I have now shared everything I know about fossils. I'm not up for a creation versus evolution debate today, either. In fact, I'm not as interested in the first half of the article as I am in the second. The story behind the discoveries is fascinating. It starts out usual enough, with a paleoanthropologist (Lee Burger) and a graduate assistant. However, Berger also brought along his nine-year-old son, Matthew. The rest is now history:
Google Earth's satellite and 3-D capabilities provided the technology and the ability to share information with other scientists. Berger and geologist Professor Paul Dirks discovered approximately 130 known cave sites and 20 fossil deposits in the area.That's right, after all that research and education by the grown-ups, it was the kid that wandered off in whatever direction for whatever reason, and made a discovery that he probably can't wrap his head around yet. He wasn't actively looking for anything. He was just being a nine-year-old, looking for a good time while Daddy did his job.
Once the sites were identified, it was time for Berger and his team to begin looking for fossils. But neither he nor his team were responsible for finding the first sediba fossils.
Berger's 9-year-old son Matthew made discovery.
Two years ago Berger took Matthew out to the site along with a graduate student and their dog. Like all curious little boys Matthew ran off to explore, and after traveling about 15 minutes outside of the site Matthew ran back and yelling, "Dad, I found a fossil!"
(source: http://abcnews.go.com/Technology/fossil-hold-key-evolution-show-apes-humans/story?id=10320180&page=2)
That's probably a little romanticized. How many nine-year-olds can identify a fossil in the wild? The kid has some knowledge, and probably has accompanied his father on other explorations. It's still a super cool story though. Matthew was simply curious to see what was out there, and when he found something he thought was cool, he had to show his Daddy!
I'm a little jealous. I think the coolest thing I ever showed my dad was a bee hive I spotted on the eave of our roof. My dad didn't have any troubles containing his excitement. ABC News didn't report on it either.
Anyway, I'm not bitter. I salute Matthew, and I have already filed away his story in a safe place. It will come in handy some day.
One thing that constantly frustrates me when I tutor high school math is how math gets portrayed. Virtually every student sees math as a tangled web of equations, formulas, and functions. Everything is rehearsed repeatedly in homework. It's so mechanical, and it seems to drain the students.
It drains me to watch it.
Also, it's not just in math. For instance, I learned chunk writing in high school. Just about every basic skill learned in school has been broken down into a basic, repeatable, learnable, process. I don't think that's a problem by itself. Actually, it should be very helpful.
What frustrates me is that processes should be tools. Somehow, they have become more than that though. Education, far too often, is zapping students of their natural curiosity.
The current system seems to engrain in students that success is solely about sticking to the specific path outlined by the processes learned in curriculum. It's an assembly line approach. A student comes in, one teacher gives them this, another that, and at the end of the year they come out the end altered as desired, and altered in the same way as every other student.

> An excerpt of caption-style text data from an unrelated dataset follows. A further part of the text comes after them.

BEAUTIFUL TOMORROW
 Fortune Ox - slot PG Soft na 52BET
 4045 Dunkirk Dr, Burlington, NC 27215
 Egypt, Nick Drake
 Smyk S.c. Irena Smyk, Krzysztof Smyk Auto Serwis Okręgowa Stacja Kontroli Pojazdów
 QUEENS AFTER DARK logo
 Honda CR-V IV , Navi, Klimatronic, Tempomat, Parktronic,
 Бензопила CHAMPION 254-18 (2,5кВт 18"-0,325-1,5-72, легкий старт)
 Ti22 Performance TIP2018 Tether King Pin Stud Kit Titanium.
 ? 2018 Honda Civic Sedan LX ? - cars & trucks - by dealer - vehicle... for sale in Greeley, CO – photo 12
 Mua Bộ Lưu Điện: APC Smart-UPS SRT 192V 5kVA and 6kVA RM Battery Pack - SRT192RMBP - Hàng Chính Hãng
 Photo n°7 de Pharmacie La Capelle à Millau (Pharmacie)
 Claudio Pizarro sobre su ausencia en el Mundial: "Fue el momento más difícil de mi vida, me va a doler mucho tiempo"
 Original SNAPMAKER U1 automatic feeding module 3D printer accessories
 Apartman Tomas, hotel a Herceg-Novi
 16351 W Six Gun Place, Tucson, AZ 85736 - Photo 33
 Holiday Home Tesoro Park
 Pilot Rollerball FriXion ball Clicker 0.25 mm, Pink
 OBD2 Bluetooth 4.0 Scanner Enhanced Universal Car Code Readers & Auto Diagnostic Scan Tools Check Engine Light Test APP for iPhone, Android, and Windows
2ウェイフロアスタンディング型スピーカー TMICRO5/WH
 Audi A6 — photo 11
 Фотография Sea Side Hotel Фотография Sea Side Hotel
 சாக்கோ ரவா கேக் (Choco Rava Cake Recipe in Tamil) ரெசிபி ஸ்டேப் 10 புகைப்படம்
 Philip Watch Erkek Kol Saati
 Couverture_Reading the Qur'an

Or, as education likes to put it, things are "standardized."
The story of Matthew and the ancient fossil is a powerful metaphor. The adults took an assembly line approach. They had specific strategies, a carefully devised method, and in general were using the processes they had learned and acquired. Matthew, on the other hand, had no approach at all. All he had was curiosity. Fifteen minutes later, Matthew was the one screaming "look what I found!" while the adults were sifting through dust.
Now, I'm not promoting educational anarchy. Matthew had a much better chance of finding something thanks to his father's strategies. It was his father's research and strategic exploration that put him in position in the first place. However, old-fashioned curiosity, with no learned method or strategy attached, is what finished the job. In the end, it was a blend of knowledge and curiosity that brought forth a great discovery.
Education can't lose sight of curiosity. Curiosity needs to be fostered and promoted, but I think standardization tends to suppress it. A nine-year-old can find a missing evolutionary link with it. Curiosity is pretty powerful.